Setelah ramai diberitakan di media sosial termasuk di Kompasiana (Baca), akhirnya tadi pagi (15/04/2017) yoni di situs Gandekan, dipindahkan ke Balai Kelurahan Harjosari. Lokasi itu merupakan tempat sementara, menunggu tempat yang lebih baik. Â
Dikabarkan di situs tersebut akan dibangun perumahan. Kalangan ilmuwan sendiri masih mengharapkan adanya kesempatan untuk melakukan penelitian. Soalnya diperkirakan di lokasi situs masih terdapat benda-benda masa lampau yang terpendam di dalam tanah.
Pemindahan yoni merupakan upaya kerja keras bernegosiasi yang dilakukan Komunitas Dewa Siwa, komunitas yang peduli warisan leluhur. Sebuah bukti peran masyarakat, dalam hal ini komunitas, amat besar. Peran masyarakat seperti inilah yang antara lain diharapkan oleh Arkeologi Publik.
Arkeologi Publik
Di antara sejumlah subdisiplin arkeologi, sebenarnya Arkeologi Publik relatif mudah penerapannya. Hal ini karena Arkeologi Publik tidak membutuhkan peralatan canggih, seperti GPS, laboratorium, atau komputer.
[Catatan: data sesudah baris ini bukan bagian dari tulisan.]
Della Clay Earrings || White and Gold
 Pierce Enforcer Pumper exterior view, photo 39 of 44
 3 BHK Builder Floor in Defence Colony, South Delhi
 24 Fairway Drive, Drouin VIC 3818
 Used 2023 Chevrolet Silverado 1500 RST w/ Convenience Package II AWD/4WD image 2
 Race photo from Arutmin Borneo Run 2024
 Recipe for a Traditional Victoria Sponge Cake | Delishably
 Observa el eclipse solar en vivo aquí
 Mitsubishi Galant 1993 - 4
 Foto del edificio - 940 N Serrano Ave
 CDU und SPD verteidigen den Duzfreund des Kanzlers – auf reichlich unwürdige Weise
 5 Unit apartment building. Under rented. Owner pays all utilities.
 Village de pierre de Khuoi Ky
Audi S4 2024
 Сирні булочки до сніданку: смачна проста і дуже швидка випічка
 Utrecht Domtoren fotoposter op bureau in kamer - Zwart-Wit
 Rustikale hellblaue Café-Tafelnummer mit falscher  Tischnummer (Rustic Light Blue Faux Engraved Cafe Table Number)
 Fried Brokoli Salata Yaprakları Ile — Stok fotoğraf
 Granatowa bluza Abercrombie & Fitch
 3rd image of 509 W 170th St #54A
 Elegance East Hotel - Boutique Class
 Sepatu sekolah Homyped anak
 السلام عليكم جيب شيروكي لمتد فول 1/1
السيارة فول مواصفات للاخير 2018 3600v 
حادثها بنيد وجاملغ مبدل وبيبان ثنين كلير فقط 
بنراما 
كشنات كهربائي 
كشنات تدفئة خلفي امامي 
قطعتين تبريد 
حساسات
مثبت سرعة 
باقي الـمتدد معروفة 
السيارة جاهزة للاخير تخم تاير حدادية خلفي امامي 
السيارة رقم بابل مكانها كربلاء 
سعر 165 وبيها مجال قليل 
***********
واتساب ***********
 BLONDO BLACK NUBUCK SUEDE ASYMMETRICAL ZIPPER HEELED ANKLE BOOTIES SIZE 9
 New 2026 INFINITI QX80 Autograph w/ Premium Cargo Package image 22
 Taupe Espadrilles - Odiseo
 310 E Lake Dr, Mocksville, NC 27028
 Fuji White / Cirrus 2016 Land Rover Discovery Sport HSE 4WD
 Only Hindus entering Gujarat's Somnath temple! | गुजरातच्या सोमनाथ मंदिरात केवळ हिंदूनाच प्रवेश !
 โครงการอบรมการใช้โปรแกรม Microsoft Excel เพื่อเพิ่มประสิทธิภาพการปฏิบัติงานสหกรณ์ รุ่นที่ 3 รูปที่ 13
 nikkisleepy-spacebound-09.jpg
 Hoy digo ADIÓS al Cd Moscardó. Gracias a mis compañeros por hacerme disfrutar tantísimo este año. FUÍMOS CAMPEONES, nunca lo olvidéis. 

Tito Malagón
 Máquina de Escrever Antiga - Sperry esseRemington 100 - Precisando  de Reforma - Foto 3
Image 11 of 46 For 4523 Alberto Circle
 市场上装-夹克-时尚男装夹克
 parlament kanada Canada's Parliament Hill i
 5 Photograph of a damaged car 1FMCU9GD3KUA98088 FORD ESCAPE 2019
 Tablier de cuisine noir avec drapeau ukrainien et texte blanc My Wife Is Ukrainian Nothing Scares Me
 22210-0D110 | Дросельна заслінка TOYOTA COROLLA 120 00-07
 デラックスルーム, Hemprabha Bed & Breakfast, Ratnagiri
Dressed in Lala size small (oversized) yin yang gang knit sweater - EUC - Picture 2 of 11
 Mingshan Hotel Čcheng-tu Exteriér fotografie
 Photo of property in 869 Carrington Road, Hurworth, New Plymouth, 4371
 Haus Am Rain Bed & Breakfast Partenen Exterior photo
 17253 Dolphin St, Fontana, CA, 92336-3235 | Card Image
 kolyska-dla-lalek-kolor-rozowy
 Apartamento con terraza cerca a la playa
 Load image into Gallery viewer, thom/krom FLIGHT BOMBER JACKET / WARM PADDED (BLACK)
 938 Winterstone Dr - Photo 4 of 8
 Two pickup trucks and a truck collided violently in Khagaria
Tidak pula memerlukan teori-teori rumit untuk menganalisisnya. Satu hal penting untuk mengembangkan Arkeologi Publik hanyalah peran serta masyarakat secara aktif dan positif.
Arkeologi Publik diperkenalkan di dunia Barat pada 1970-an. Konsep dasarnya adalah masa lalu itu milik siapa saja. Karena kita tidak bisa mengingkari masa lalu, maka kita selalu berkepentingan dengan masa lalu. Namun hal ini tentunya bukan berarti siapa saja boleh mencemarkan warisan-warisan masa lalu. Termasuk ke dalam istilah mencemarkan antara lain mencuri, menyelundupkan, serta  merusakkan artefak, bangunan, dan situs kuno.
Di dunia Barat keberadaan Arkeologi Publik berhasil baik berkat partisipasi masyarakat (awam). Tidak dimungkiri hal ini karena wawasan, tingkat pendidikan, dan pola pikir mereka sudah terbentuk sejak dini. Institusi pendidikan berperan besar. Begitu pun lembaga-lembaga nirlaba, macam Heritage Society atau Heritage Foundation.
Pada dasarnya Arkeologi Publik ditulangpunggungi oleh arkeolog-arkeolog profesional. Namun yang lebih berperan justru adalah arkeolog-arkeolog amatir. Arkeolog amatir adalah masyarakat awam yang tidak berlatar pendidikan arkeologi, namun diberi pengarahan tentang arkeologi oleh para arkeolog profesional.
Kesadaran akan masa lalu
Banyak artefak dan situs purbakala terselamatkan berkat pemantauan yang terus-menerus oleh masyarakat. Pemantauan lebih mudah dilakukan karena masyarakat  memang mudah diberi pengertian dan memiliki kesadaran sendiri akan masa lalu mereka.
Selama sepuluh tahun sejak awal pengenalannya, Arkeologi Publik berhasil menyelamatkan sejumlah situs dari proyek-proyek pembangunan fisik. Hal ini karena  proyek pembangunan selalu mengalah demi kelestarian situs-situs arkeologi.